Did US judges really once offer convicted defendants the choice between jail or the Army?
I've been told that when a judge had a defendant that he thought was basically good but just some bad decisions, he would tell the accused, "You have a choice. You can promise to join the Army and straighten yourself out, and walk out of here now, or you can risk getting convicted, go to jail, and have a conviction on your record. Take your pick."
Does anyone know if this is true? Did it happen to you or someone you know? How did it work out?
Or is this just a myth?
A good question to our politicians in power to make it a compulsory choice to all the judges in our country by passing a law.
I don't know if it's true but I guess in times of war and need of soldiers, you would want more people in the army than wasting away in jail. Also, the army is a good place to set your mind straight and get your record clean, many youth that have misconducted laws go into the army to straighten themselves out.
'Twas quite true. But, with the phase out of the military draft and the advent of the all-volunteer Army, beginning in 1973, the armed services began to bar such enlistments and even banned recruiters from appearing in court on behalf of recruits facing a criminal prosecution.
Now, enlisting in the armed services requires a waiver for a felony conviction, for more than one misdemeanor, or a bunch (ten or more) of traffic tickets.
It has happened in the past and I'm sure it is happening now.
I know that it has happened in the past. It's not a bad idea, it gets people to follow instructions, learn some basic work ethics, take some of the stress off the prison system, and keep them away from prisoners that would lead them astray.
My husband is in the Montana Army National Guard and he knows several people that were offered that choice. Officially, Judges aren't allowed to offer this as an alternative.
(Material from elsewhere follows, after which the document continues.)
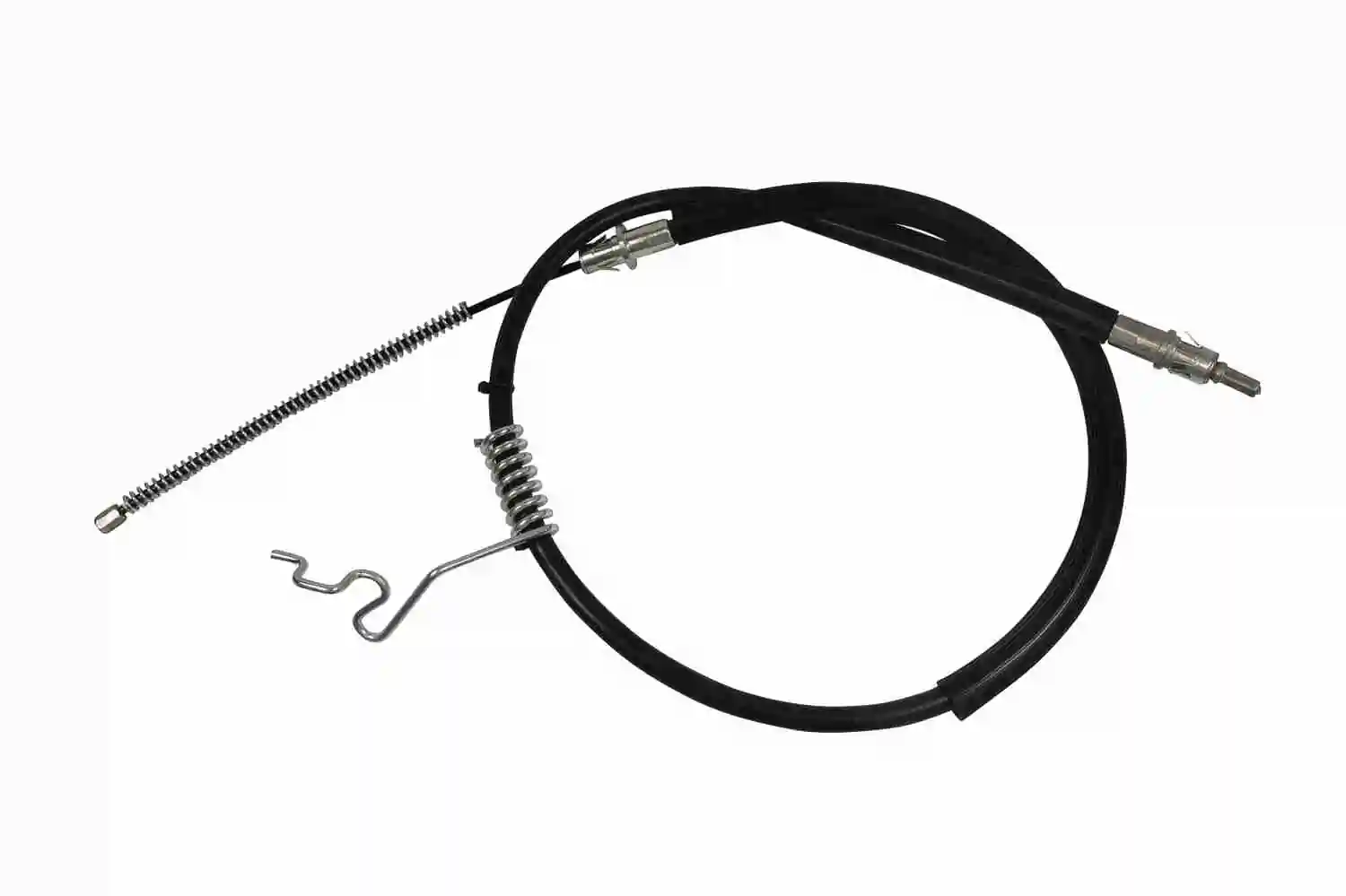 Tirette à câble, frein de stationnement VAICO V25-30032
It sounds like the common line is "if you were to show me that you had matured enough to make a commitment like joining the military, I might be willing to offer you a lighter sentence (i.e. probation)."
To onegoodwoman: as the wife of someone who chose to serve his country as a combat medic and nearly died of heat stroke - I resent the assumption that people enlist because they can't qualify for another job.
Yes. When I went in for a very short stint, I met one person in basic training who told me that the judge gave him the choice between prison or the Army. That was 17 years ago.
I have to chime in on MegySu and onegoodwoman's comments, I, and many others, joined because we didn't know what else to do and we believed that the military would help us move forward in life. Even though I did get out early, I learned good work ethics that I still use today. I have also met ex-policewomen, former business owners and degree holders who could have done something different with their lives and they thought very highly of their new career choice.
There are plenty of low-achievers in the military, but they don't represent the entire gamut of military personnel.